- _REQUIRED ACTION_: The lines to be extracted begin at the line containing "Hit-and-Run in Dharbandora" and end at the last line of the data below; copy them exactly and leave out the pictures.

- _INPUT DATA_:
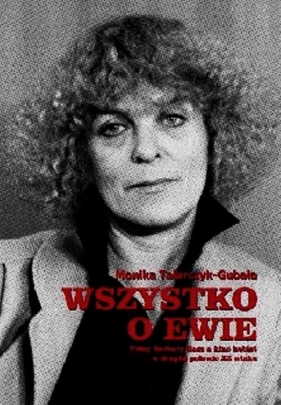 Wszystko o Ewie Filmy Barbary Sass a kino kobiet w drugiej połowie XX wieku - Talarczyk-Gubała Monika<br />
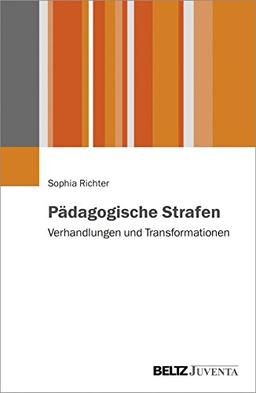 Pädagogische Strafen: Verhandlungen und Transformationen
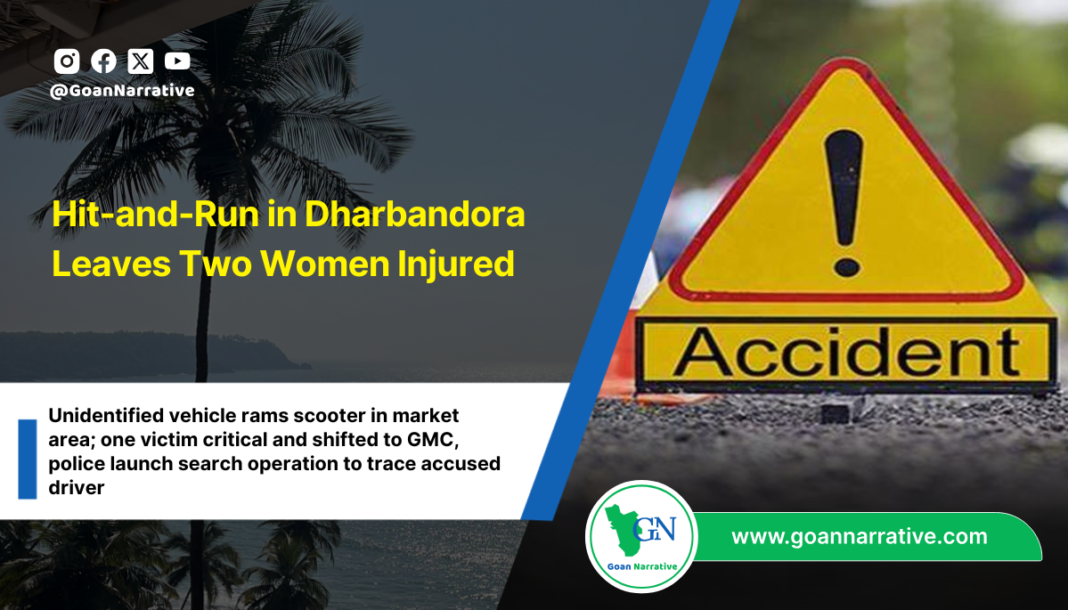 Hit-and-Run in Dharbandora Leaves Two Women Injured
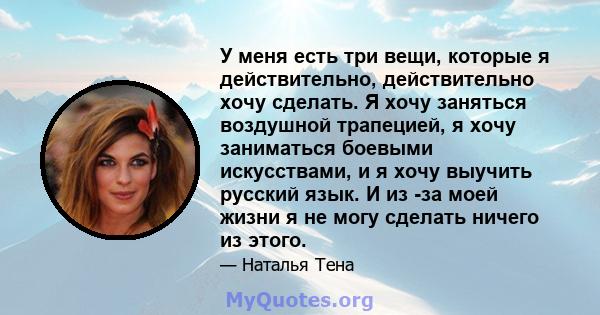 У меня есть три вещи, которые я действительно, действительно хочу сделать. Я хочу заняться воздушной трапецией, я хочу заниматься боевыми искусствами, и я хочу выучить русский язык. И из -за моей жизни я не могу сделать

- _TASK RESULT_:
 Hit-and-Run in Dharbandora Leaves Two Women Injured
 У меня есть три вещи, которые я действительно, действительно хочу сделать. Я хочу заняться воздушной трапецией, я хочу заниматься боевыми искусствами, и я хочу выучить русский язык. И из -за моей жизни я не могу сделать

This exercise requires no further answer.